Since the scheduling decision can be processing-intensive as the
number of input queues increases, queues are often arranged into
small groups which are locally scheduled into an intermediate
output queue.
[0017] This output queue is then the input queue to a following
scheduling stage. The scheduling problem is thus simplified using a
"divide-and-conquer" approach, whereby high performance can be
achieved through parallelism between groups of queues in a tree
type structure, or so-called hierarchical link sharing scheme.
[0018] This approach works in hardware up to a point. For the
exceptionally large numbers of input queues (of the order 64 k)
required for per-flow traffic handling, the first stage becomes
unmanageably wide to a point that it becomes impractical to
implement the required number of schedulers.
[0019] Alternatively, in systems which aggregate all traffic into a
small number of queues parallelism between hardware schedulers
cannot be exploited.
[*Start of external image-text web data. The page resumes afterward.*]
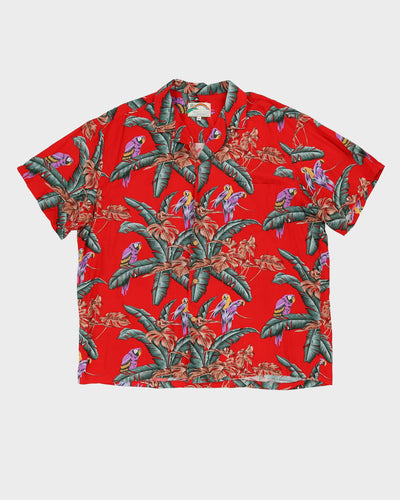 1990s Magnum Pi Red Patterned Hawaiian Shirt - XXXL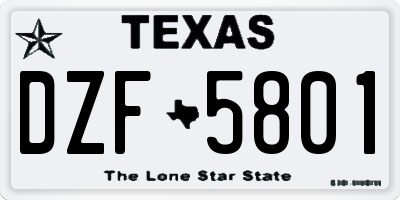 TX license plate DZF5801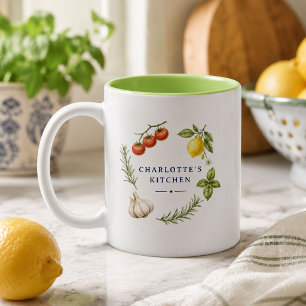 Caneca De Café Em Dois Tons Jardim de Ervas da Cozinha Italiana Personalizado 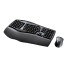 Logitech Cordless Desktop Comfort Laser - Keyboard - wireless - RF - ergonomic - mouse - USB / PS/2 wireless receiver - charcoal - English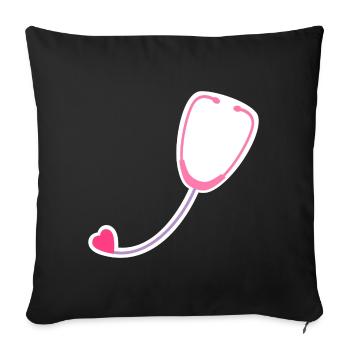 Coloured stethoscope - Sofa pillowcase 17,3'' x 17,3'' (45 x 45 cm) - black - Front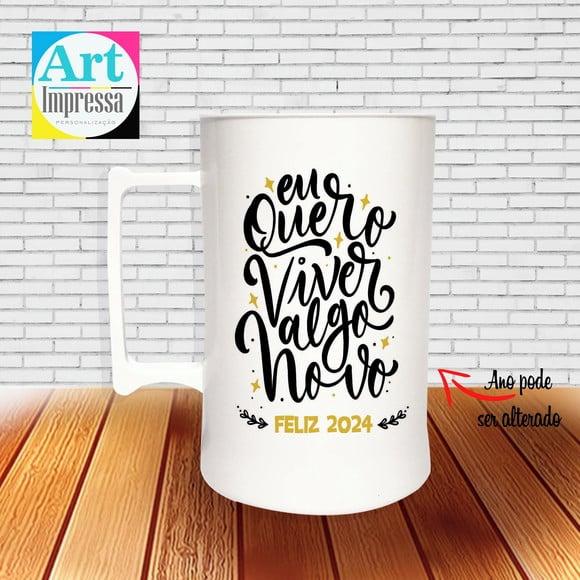 Caneca de Chopp Acrílica Personalizada Ano Novo Réveillon 500ml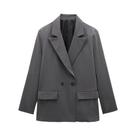 Blazer Feminino Vintage Transpassado Com Bolsos, Manga Longa Lisa E Gola Entalhada Ideal Para O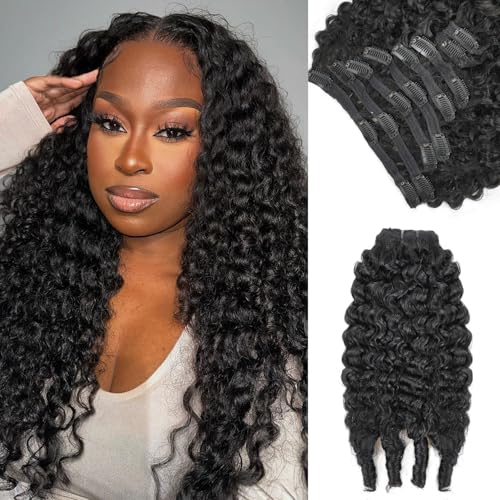 Burmese Curly Clip in Hair Extensions Real Human Hair 8Pcs Brazilian Human Hair Clip ins for Black Women With 18Clips 120g 22inch #1B Natural Black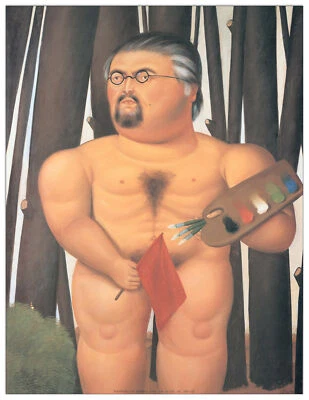 Pannello MDF-Autoritratto Con Bandiera-BOTERO Wallart - Stampa su Tavola - - Immagine 1 di 4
It then becomes extremely difficult to
implement a single scheduler--even in optimised hardware--that can
meet the required performance point.
[0020] With other congestion avoidance and queue management tasks
to perform in addition to scheduling, it is apparent that a new
approach to traffic handling is required. The queue first, think
later strategy often fails and data simply has to be jettisoned.
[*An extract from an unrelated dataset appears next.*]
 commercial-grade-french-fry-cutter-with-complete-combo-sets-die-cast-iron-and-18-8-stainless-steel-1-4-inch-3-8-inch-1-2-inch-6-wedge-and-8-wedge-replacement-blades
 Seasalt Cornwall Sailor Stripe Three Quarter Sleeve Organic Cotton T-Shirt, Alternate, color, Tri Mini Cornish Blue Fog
There is therefore a need for an approach to traffic management
that does not suffer from the same defects as the prior art and
does not introduce its own fallibilities,
SUMMARY OF THE INVENTION
[0021] In one aspect, the invention provides a system comprising
means for sorting incoming data packets in real time before said
packets are stored in memory.
[0022] In another aspect, the invention provides a data packet
handling system, comprising means whereby incoming data packets are
assigned an exit order before being stored in memory.
[0023] In yet another aspect, the invention provides a method for
sorting incoming data packets in real time, comprising sorting the
packets into an exit order before storing them in memory.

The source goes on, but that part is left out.